Every entrepreneur needs to be careful about who they choose as their role models. Your choices speak to your mindset, your business motivation, and your business success. In this episode, business coaches Dan Sullivan and Shannan Waller talk about why each of Dan’s five role models made the list.

Here's some of what you'll learn in this episode:

  • The three categories that all five role models fit into.
  • How Euclid’s principles are timeless.
  • How the qualities of Dan’s role models influence his creation of Strategic Coach® thinking tools.
  • Things most people don’t know about Shakespeare.
  • The uniqueness and intelligence evident in Bach’s music.
  • The ways in which all five of Dan’s role models were entrepreneurs.

Show Notes:

Your role models should have qualities you aspire to.

The one law that really governs everything is that gravity respects no angle except a 90-degree angle.

Our entire physical world has been based on one book by Euclid.

You need to understand each one of Euclid’s principles before you can understand the next.

Being exploited with food is better than dying from no food.

The vast majority of great people are not widely recognized as great during their own time.

Nobody in particular is in charge of the U.S. The rules are in charge.

The pursuit of happiness is not the same as happiness.

Being inspired by someone doesn’t mean trying to imitate them.

Edison created the model for how to systematically invent new things.

Mindsets create habits, and habits are things that work that have become automatic.

Resources:

“Geometry” For Staying Cool & Calm by Dan Sullivan

Unique Ability®

The Strategic Coach® Signature Program

Episode Transcript:
 
Shannon Waller: Hi, Shannon Waller here and welcome to Inside Strategic Coach with Dan Sullivan. Dan, you have talked before about the fact that you have five role models, none of whom are currently alive, which I think is kind of fascinating and I'm super curious as to why they are role models for you and how that is. So I'll let you say who they are, but I'd love to know who do you really hold in high esteem historically, and why are they role models for you?
 
Dan Sullivan: This is a long-term, what I would say, project. Because I've been thinking about this. Certainly I had these five when I met you, and it's 32 years since we engaged with each other and you joined Strategic Coach. I'm a lifetime reader, and I've really zeroed in on people whose abilities were so extraordinarily apparent even when they were alive. And it goes way back. Some of them go way back. But I'm going to use two words here to sort of structure the explanation here. I would say unique is one of the words, timeless is another word, and structure is a third word.
 
With one of them, there's not a lot of historical records, but it was very, very clear that this person had profound impact in his own time. And it was a Greek, but he lived in Alexandria, Egypt, and this was 300 BC. Alexandria had a great library. For the times, it was considered the greatest library in the world, and it was a center of learning for the whole Eastern Mediterranean, which was basically the known world from an intellectual standpoint.
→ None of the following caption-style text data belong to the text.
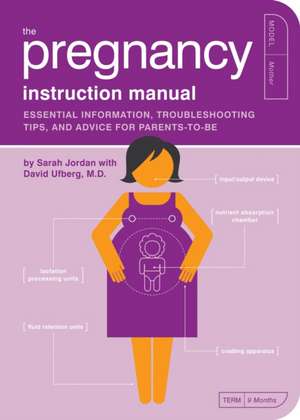 The Pregnancy Instruction Manual: Essential Information, Troubleshooting Tips, and Advice for Parents-To-Be de Sarah Jordan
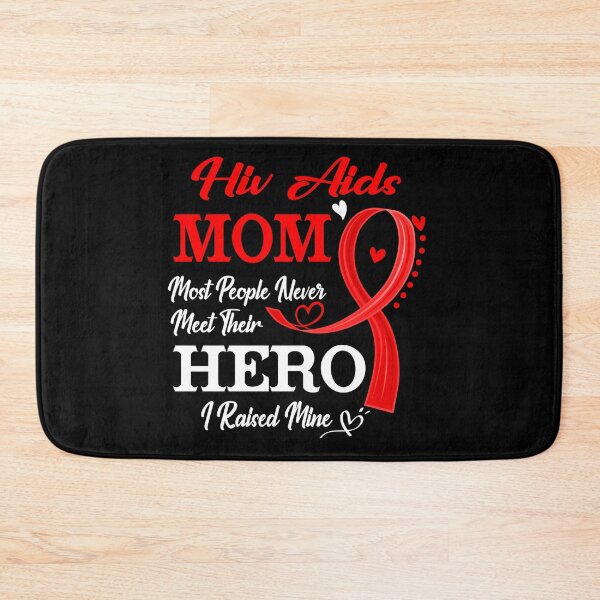 Item preview, Proud Hiv Aids Mom Most People Never Meet Their Hero I Raised Mine Hiv Aids Awareness designed and sold by Kohend.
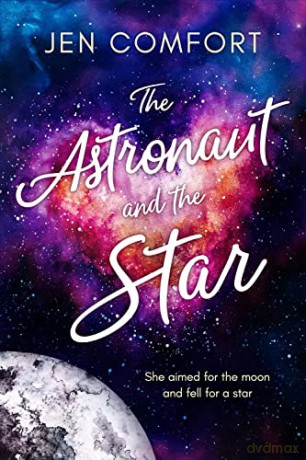 The Astronaut and the Star - Jen Comfort [KSIĄŻKA]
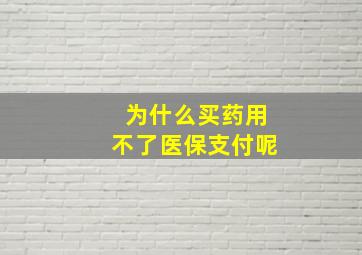 为什么买药用不了医保支付呢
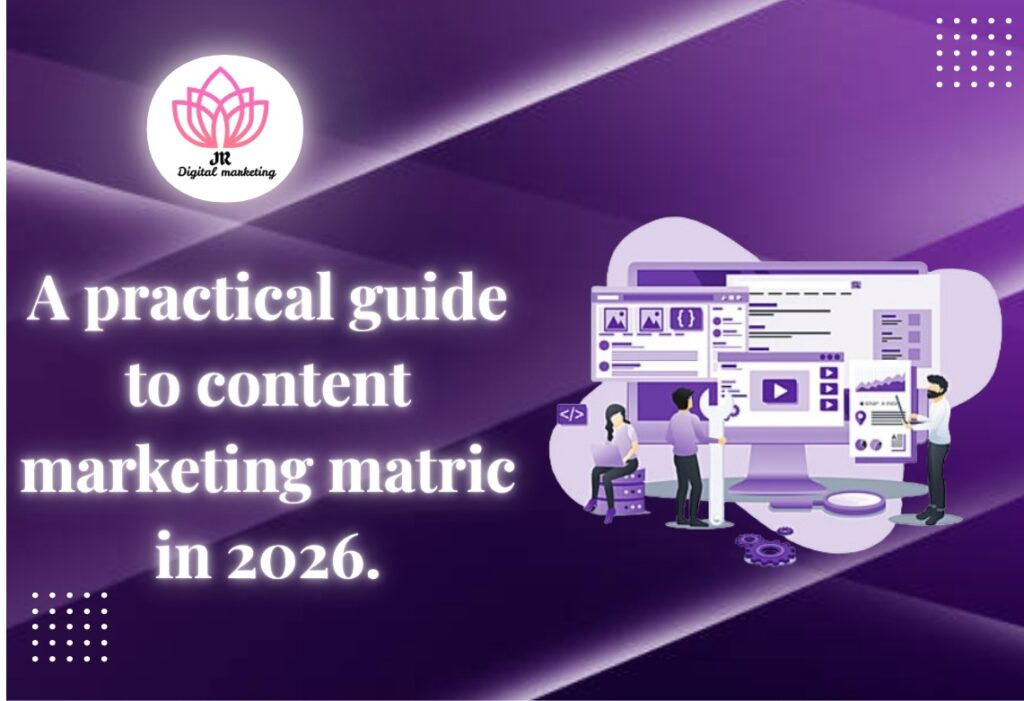 a practicle guide to content marketing matric in 2026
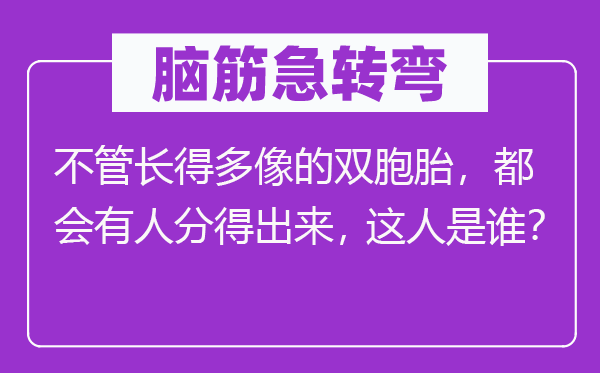 脑筋急转弯：不管长得多像的双胞胎，都会有人分得出来，这人是谁？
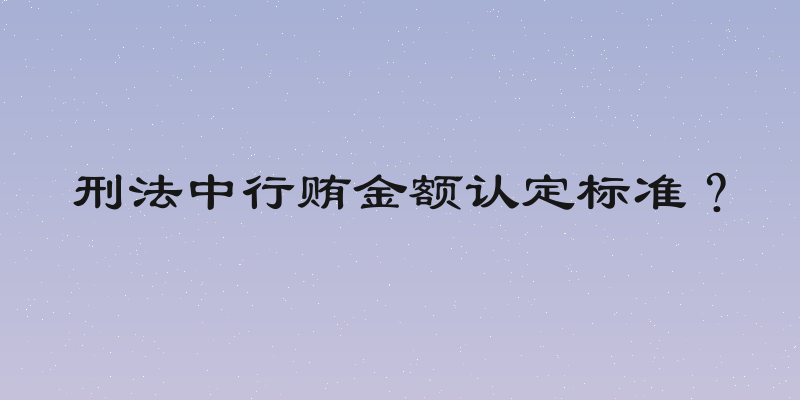 刑法中行贿金额认定标准？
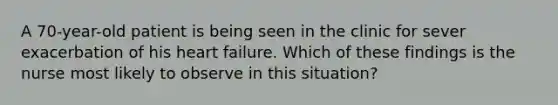 A 70-year-old patient is being seen in the clinic for sever exacerbation of his heart failure. Which of these findings is the nurse most likely to observe in this situation?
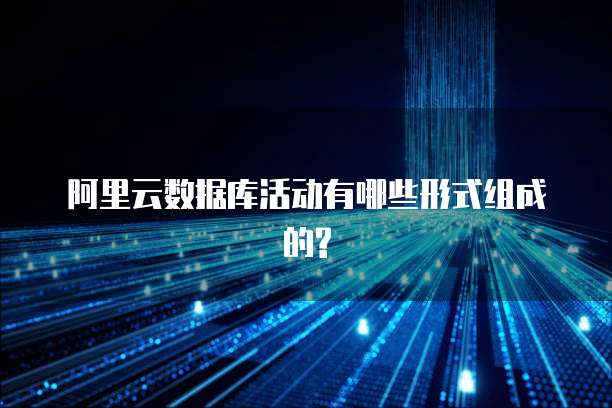 阿里云数据库活动有哪些形式组成的?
That was Euclid. His name was Euclid.
 
My second one is Shakespeare, who lived in the crossover between 1500s and 1600s. And Johann Sebastian Bach, who lived in the 17th century, and then James Madison, who was really the author of the US Constitution. And Thomas Edison, who was born in the middle of the 1800s, lived into the 1900s and was born in the same town that I grew up in, in Milan, Ohio. Northern Ohio.